I think its to do with you do not like the MIL/DIL and find any little thing to justify yourself. That same thing when you don't like someone and anything they do will irrationally bug you and you blow it up in your head till its a humongous thing. Really unless there are serious issues you should let the GP get on with it and treat yourself to a break.

I cannot believe someone showed her mum where to cross a road, you do realise she has been crossing roads years before you were born.

olgaga · 29/07/2012 12:02

And by the way, we felt the same about MIL too, who was older and struggled with more serious disabilities - but we made sure she spent plenty of quality time with her granddaughter too.

All without a single overnight stay! Amazing Shock!

SilkySmith · 29/07/2012 12:03

there could be that, why not invite the whole family to stay and all go to the beach together?

  • exactly the same amt of time with your GC

I think some GPs want to prove to themselves that they CAN do it (when they can't really) I know this is true of one I know who constantly tries to bite off more than she can chew in terms of her GCs, and her children and ILs decline for HER sake because they know she tries to prove to herself and everyone else that she can do these things when they actually wipe her out

olgaga · 29/07/2012 12:04

I cannot believe someone showed her mum where to cross a road

Another one who just hasn't been there yet.

Shullbit · 29/07/2012 12:04

Even mid 50's I would expect most to be in good shape health wise. Another one of my Uncles is classed as disabled, but nothing to do with his energy, sight or hearing.

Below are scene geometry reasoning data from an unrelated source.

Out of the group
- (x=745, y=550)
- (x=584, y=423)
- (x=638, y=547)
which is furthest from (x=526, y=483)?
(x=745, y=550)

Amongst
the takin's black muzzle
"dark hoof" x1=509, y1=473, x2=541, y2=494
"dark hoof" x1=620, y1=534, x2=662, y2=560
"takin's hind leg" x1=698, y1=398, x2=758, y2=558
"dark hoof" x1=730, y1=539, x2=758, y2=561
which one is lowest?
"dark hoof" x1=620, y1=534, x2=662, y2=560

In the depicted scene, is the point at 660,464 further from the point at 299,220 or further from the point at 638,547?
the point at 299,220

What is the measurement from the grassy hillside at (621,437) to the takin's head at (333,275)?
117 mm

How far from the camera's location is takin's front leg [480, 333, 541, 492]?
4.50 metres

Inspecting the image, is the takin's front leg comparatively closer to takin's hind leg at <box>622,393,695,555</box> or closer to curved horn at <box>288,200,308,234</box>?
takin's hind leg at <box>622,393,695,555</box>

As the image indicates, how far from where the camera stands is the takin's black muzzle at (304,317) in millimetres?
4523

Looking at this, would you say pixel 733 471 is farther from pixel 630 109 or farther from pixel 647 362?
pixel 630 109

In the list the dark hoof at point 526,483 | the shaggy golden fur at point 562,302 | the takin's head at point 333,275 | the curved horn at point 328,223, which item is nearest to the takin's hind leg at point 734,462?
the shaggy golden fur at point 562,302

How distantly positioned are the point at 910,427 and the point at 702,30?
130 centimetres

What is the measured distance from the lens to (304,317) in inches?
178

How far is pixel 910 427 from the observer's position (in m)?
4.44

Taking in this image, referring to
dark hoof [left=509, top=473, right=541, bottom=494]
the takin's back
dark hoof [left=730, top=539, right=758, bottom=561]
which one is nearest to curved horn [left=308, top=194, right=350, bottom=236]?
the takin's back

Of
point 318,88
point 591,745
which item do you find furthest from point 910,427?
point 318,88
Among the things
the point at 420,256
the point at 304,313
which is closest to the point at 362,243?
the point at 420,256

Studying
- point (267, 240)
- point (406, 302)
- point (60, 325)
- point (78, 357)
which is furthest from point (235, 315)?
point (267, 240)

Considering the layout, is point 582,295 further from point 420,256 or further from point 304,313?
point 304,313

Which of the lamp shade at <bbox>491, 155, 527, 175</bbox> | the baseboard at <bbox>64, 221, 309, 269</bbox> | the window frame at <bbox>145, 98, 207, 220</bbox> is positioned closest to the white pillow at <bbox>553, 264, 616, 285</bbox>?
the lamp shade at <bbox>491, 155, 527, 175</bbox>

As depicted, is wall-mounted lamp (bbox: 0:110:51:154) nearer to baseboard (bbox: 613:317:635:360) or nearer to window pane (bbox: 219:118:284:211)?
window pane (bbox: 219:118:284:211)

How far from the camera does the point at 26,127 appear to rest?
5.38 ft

He loves getting the opportunity to take my kids to the park and get ice cream as he doesn't have GC of his own. Maybe I am just surrounded by too many "elders" who are able to look after children perfectly well.

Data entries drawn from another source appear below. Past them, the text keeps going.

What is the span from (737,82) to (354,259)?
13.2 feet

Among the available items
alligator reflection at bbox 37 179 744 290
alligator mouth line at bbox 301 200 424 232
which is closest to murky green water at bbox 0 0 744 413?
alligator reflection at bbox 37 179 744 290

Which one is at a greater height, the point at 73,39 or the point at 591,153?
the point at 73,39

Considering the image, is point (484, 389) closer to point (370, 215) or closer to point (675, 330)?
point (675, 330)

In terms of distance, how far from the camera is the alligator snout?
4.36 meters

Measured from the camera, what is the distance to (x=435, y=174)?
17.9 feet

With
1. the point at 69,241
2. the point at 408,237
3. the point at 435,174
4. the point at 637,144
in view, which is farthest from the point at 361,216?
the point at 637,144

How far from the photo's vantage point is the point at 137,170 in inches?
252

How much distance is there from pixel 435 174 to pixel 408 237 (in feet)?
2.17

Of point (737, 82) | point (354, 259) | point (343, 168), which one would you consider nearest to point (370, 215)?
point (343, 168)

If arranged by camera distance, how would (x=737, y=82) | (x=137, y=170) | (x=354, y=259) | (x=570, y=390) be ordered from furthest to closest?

Now my Nan, my kids Great Nan, is completely different. She is 80 and definitely can't run around after a toddler but even she, at her grand old age has babysat my eldest whilst I, for example, went and took my driving test a few years ago and she managed fine.

I think people are too quick at times to write people off as incapable.

SilkySmith · 29/07/2012 12:07

"I think people are too quick at times to write people off as incapable."

not incapable, capable of doing lots of things with their GC, but perhaps not capable to do EVERYTHING they used to do or think they can do

this is the age when people are counting down to retirement or retiring and often its not a moment too soon. They're not stone deaf or walking with a zimmer frame but they are a bit slower all round and a bit more tired and need to squint a bit to read and don't hear you properly if you are behind them/in the next room etc

SilkySmith · 29/07/2012 12:09

Shullbut, there is a middle ground between being young and spritely and old and totally incapable y'know. its a slow process for most, and it has begun for many GPs. If it hasn't for yours then you are very lucky! I'ld love to be able to sod off and leave DS with my mum, but y'know what, I actually worry about her when she is alone WITHOUT DS too because she doesn't realise how clumsy etc she has become and lies about it (denies falls unless you witness them etc)

Shullbit · 29/07/2012 12:12

By the way, I trust my 80 year old Nan whose health is not all that great more than my 52 year old perfectly well Mother with the care of my children. My Nan has more common sense, despite her not having much energy and easily getting breathless and her sight not being as well as it once was than anyone else I know. I know she would never allow harm to come to my children if it is within her control, when my Mother is the type to give Coca fucking Cola to an 8 month old.

It is about common sense, not age related health.